* What you are asked to do
Nothing but an exact copy is asked for: the lines in the material below from the one with "Ingang Tuindersvereniging Oranjebond." through the one with "adidas アディダス メンズ", pictures excluded.

* Recorded data

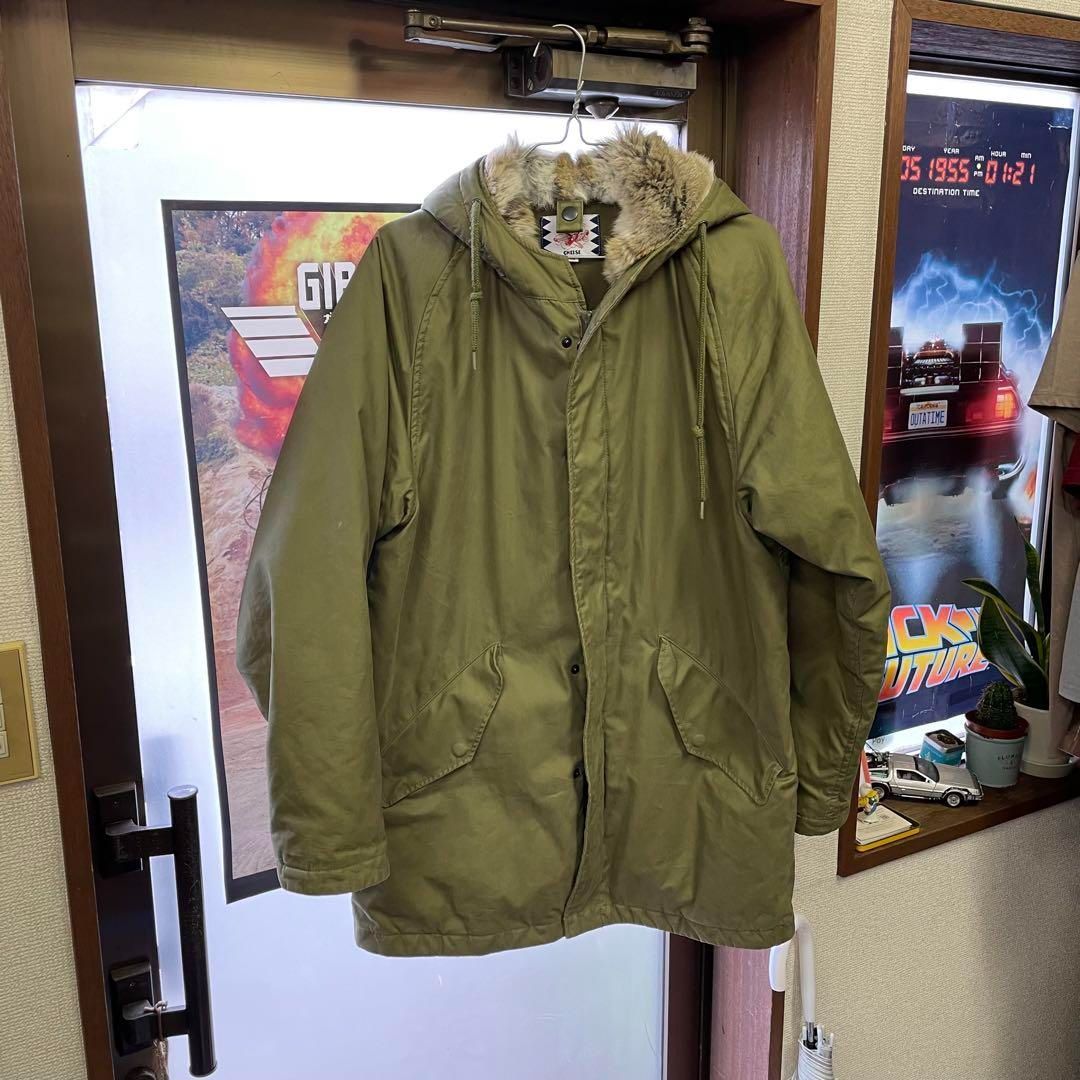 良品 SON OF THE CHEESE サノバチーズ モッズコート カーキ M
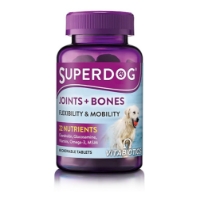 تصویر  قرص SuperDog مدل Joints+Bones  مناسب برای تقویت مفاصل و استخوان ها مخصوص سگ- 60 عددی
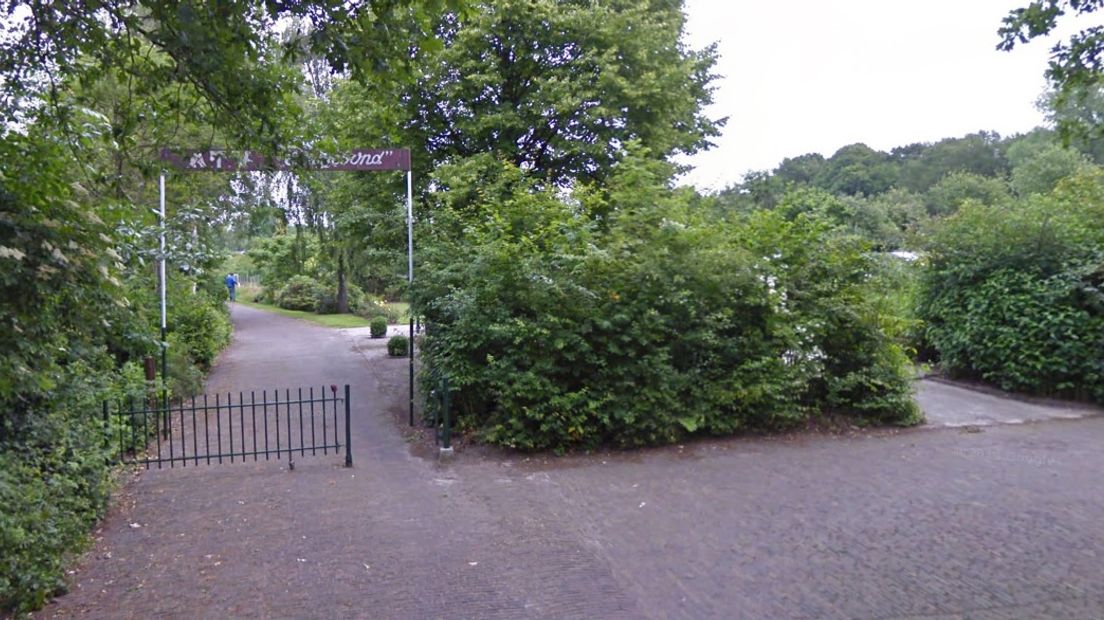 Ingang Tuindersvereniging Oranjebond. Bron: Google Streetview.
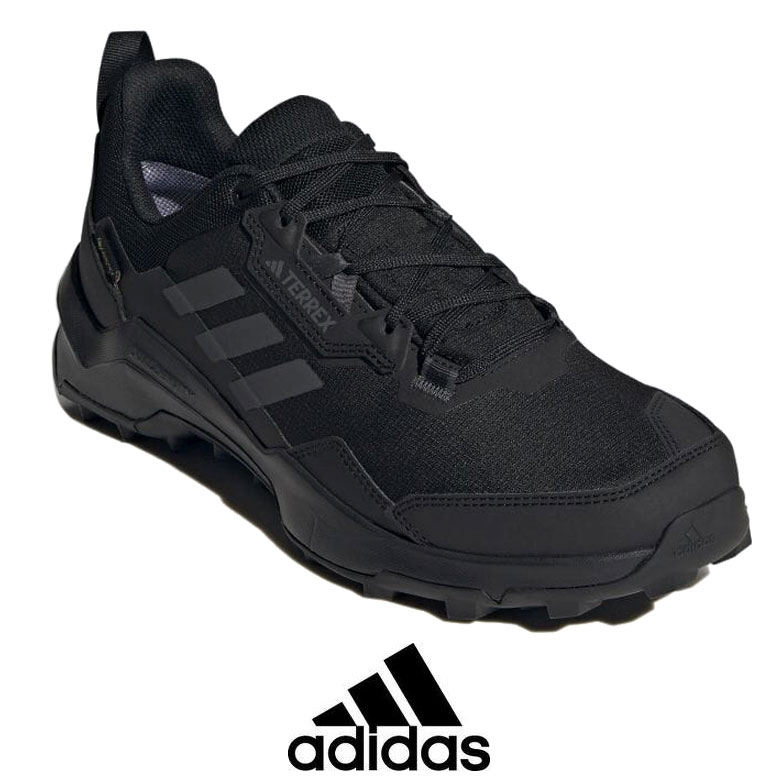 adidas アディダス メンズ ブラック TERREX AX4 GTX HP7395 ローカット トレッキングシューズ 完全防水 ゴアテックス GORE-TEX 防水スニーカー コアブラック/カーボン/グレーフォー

...

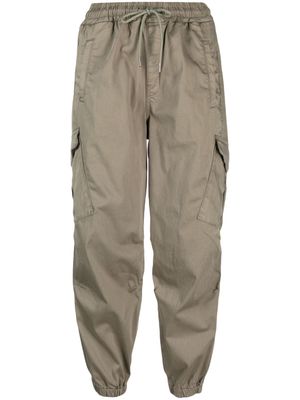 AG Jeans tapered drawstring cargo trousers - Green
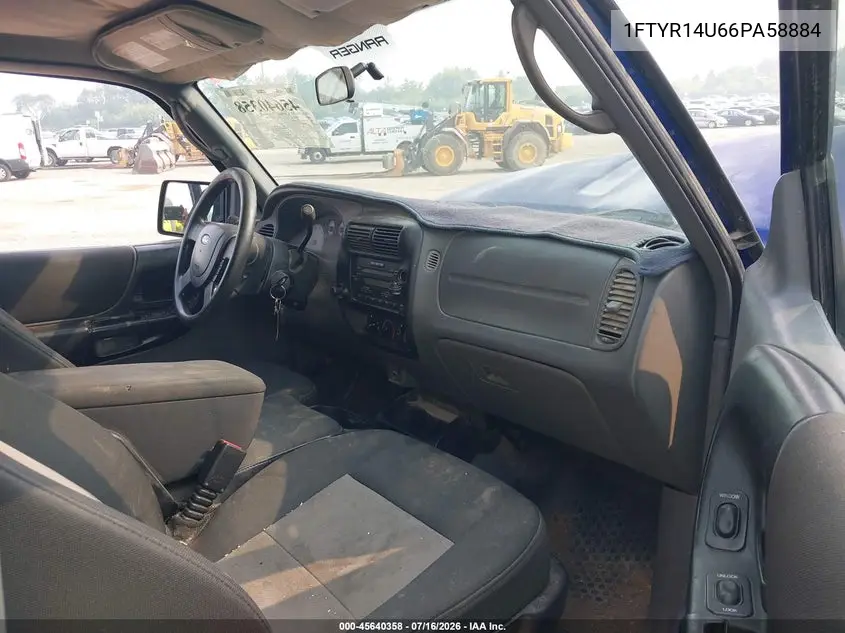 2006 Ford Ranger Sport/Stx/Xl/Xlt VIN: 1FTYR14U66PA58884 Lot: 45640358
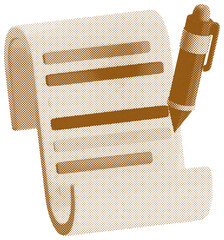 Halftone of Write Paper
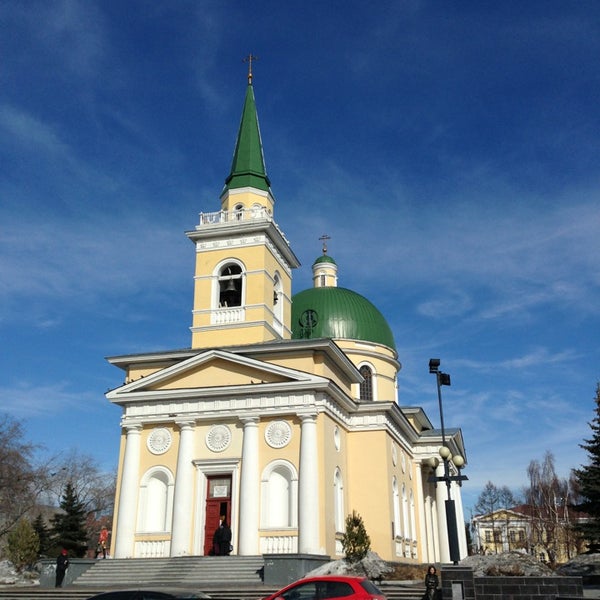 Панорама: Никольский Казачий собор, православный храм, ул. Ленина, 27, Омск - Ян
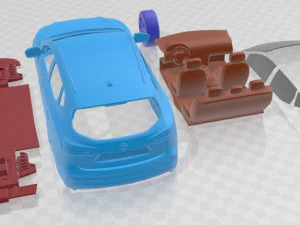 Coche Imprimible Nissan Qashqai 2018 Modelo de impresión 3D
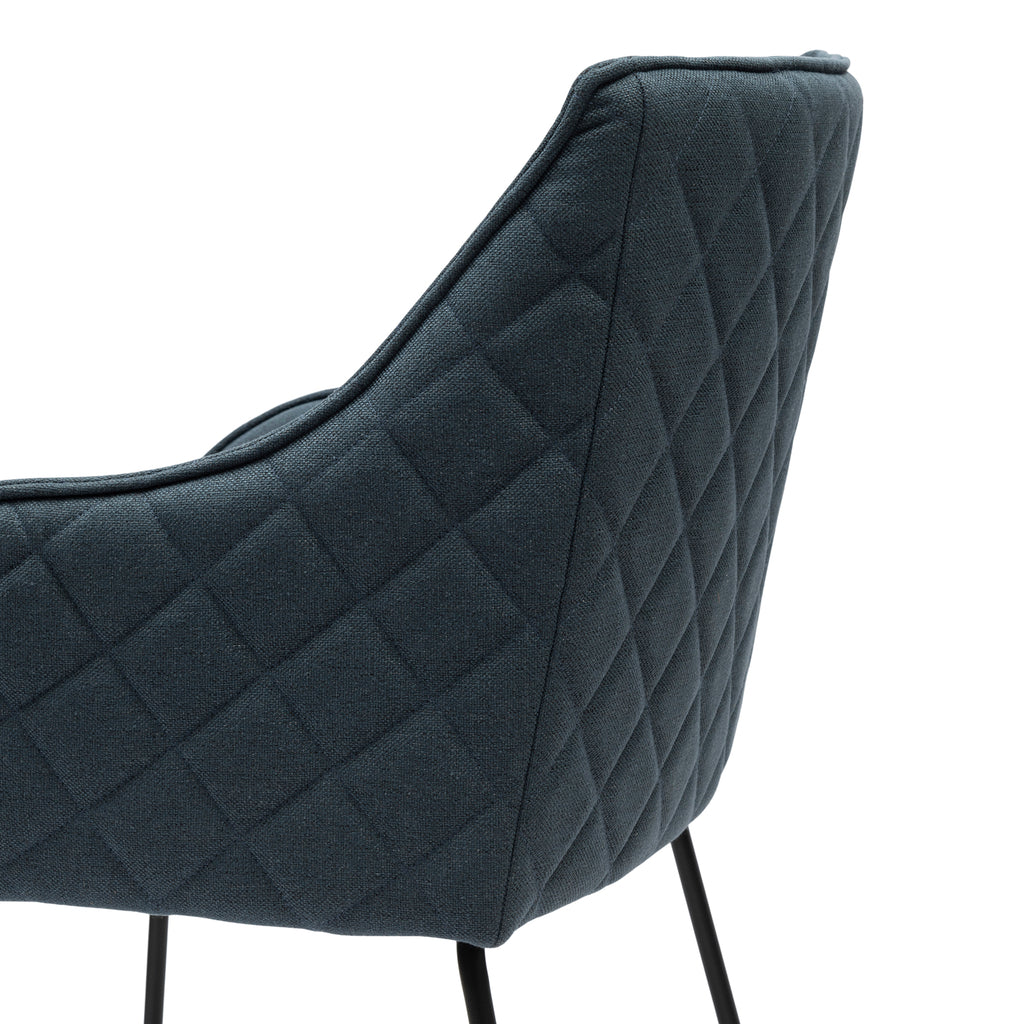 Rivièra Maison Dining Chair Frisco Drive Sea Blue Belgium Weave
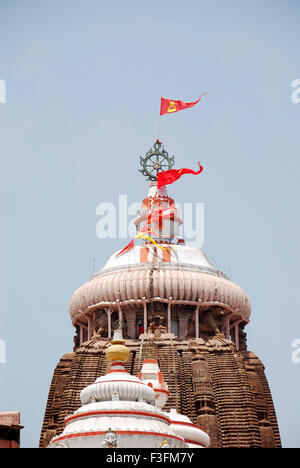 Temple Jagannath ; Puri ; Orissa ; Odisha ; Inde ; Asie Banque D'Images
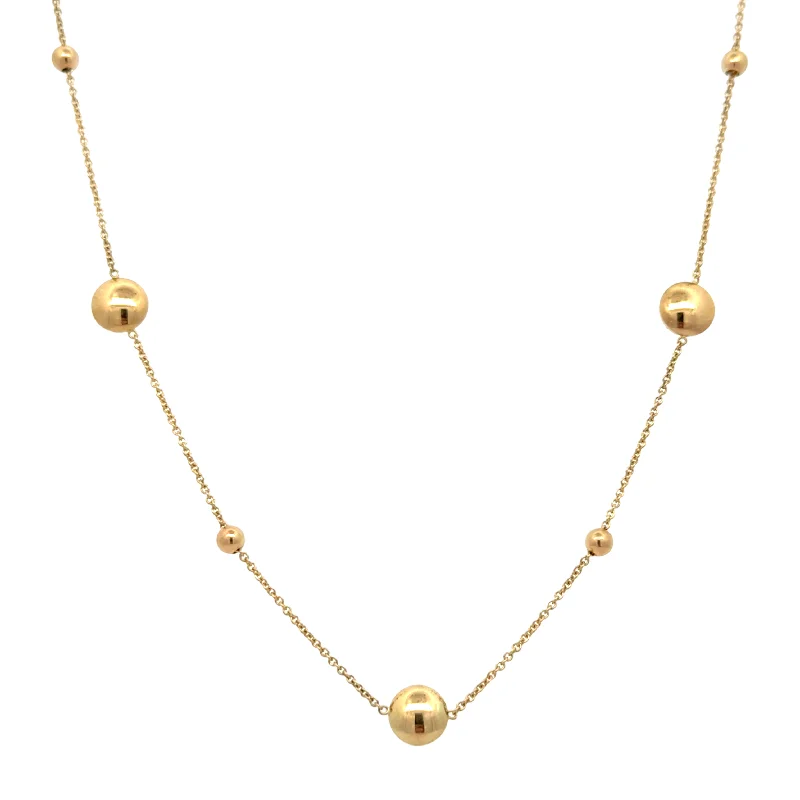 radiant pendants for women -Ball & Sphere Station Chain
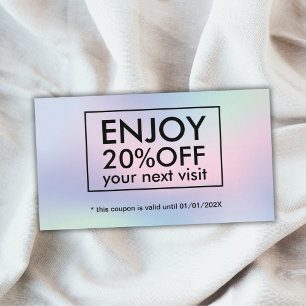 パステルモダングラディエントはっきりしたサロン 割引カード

* Exercise solution
 Ingang Tuindersvereniging Oranjebond. Bron: Google Streetview.
 adidas アディダス メンズ ブラック TERREX AX4 GTX HP7395 ローカット トレッキングシューズ 完全防水 ゴアテックス GORE-TEX 防水スニーカー コアブラック/カーボン/グレーフォー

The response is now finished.